→ **Source material**
▶

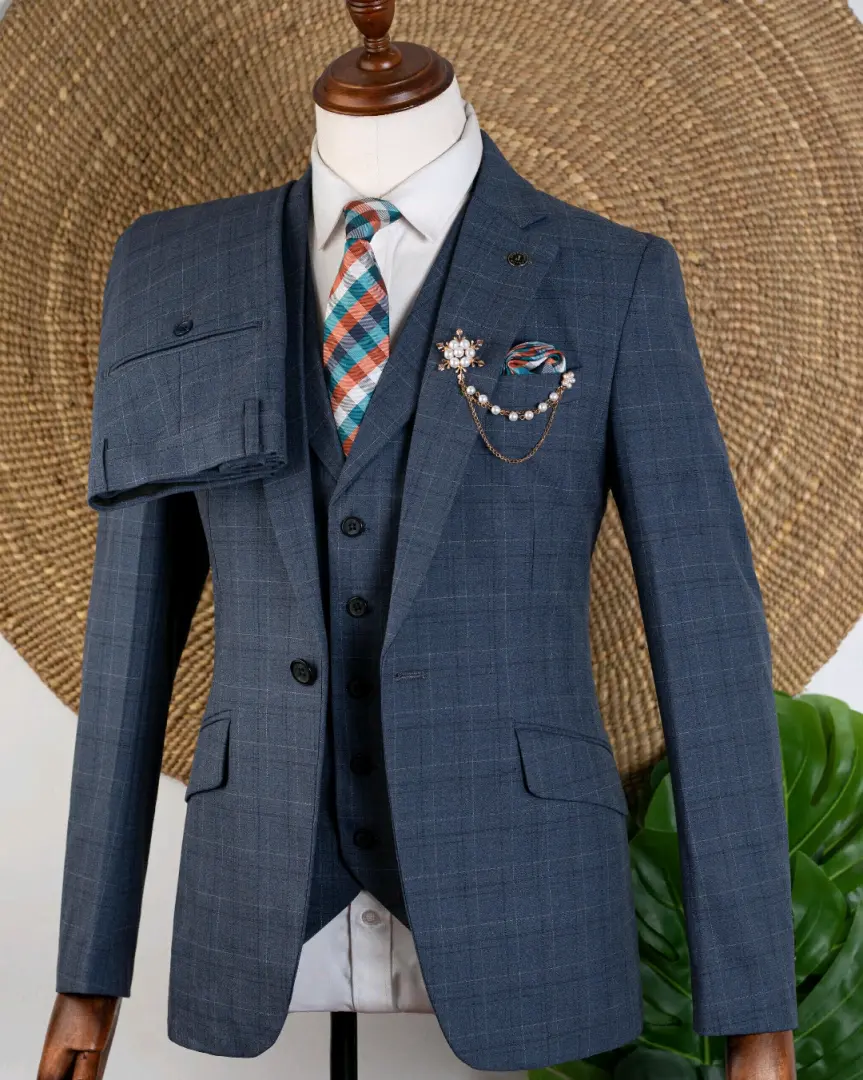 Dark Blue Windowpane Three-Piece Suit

◀
▶

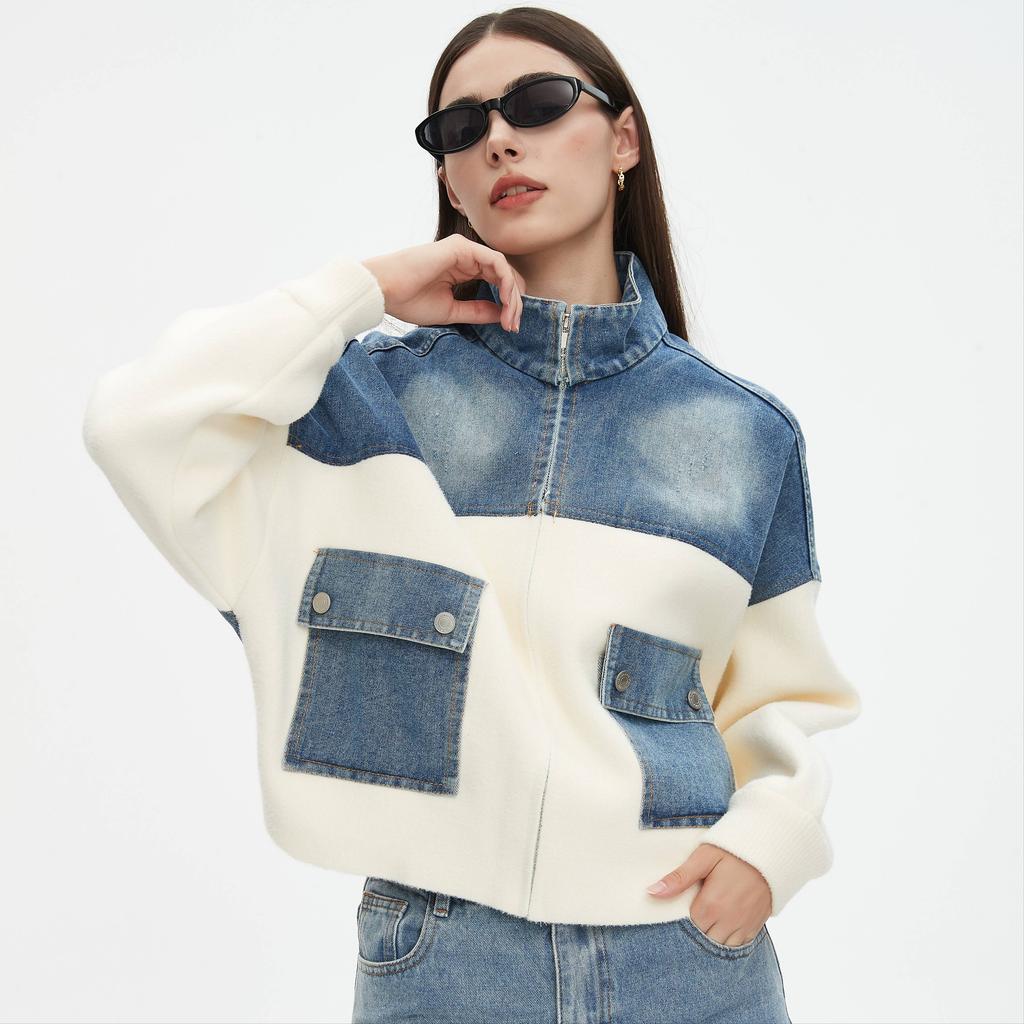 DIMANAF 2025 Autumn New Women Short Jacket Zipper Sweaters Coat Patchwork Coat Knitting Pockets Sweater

◀
▶

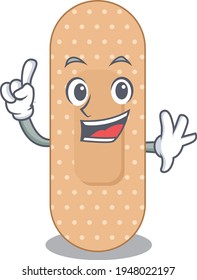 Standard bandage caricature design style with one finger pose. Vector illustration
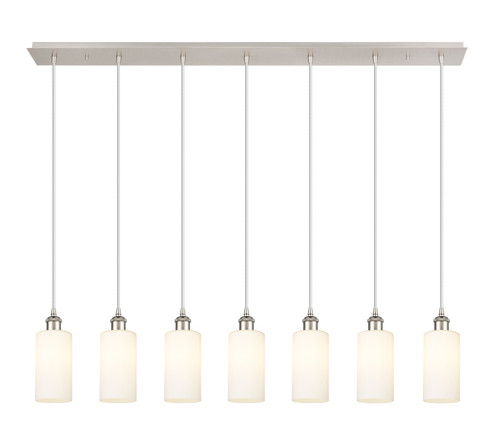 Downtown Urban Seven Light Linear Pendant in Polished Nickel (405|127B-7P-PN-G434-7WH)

◀

→ **Exercise directions**
Look above for the line with "Standard bandage caricature" and the line with "Downtown Urban Seven", then copy exactly the lines from the first through the second, both kept, with no pictures.

→ **Answer space**
 Standard bandage caricature design style with one finger pose. Vector illustration
 Downtown Urban Seven Light Linear Pendant in Polished Nickel (405|127B-7P-PN-G434-7WH)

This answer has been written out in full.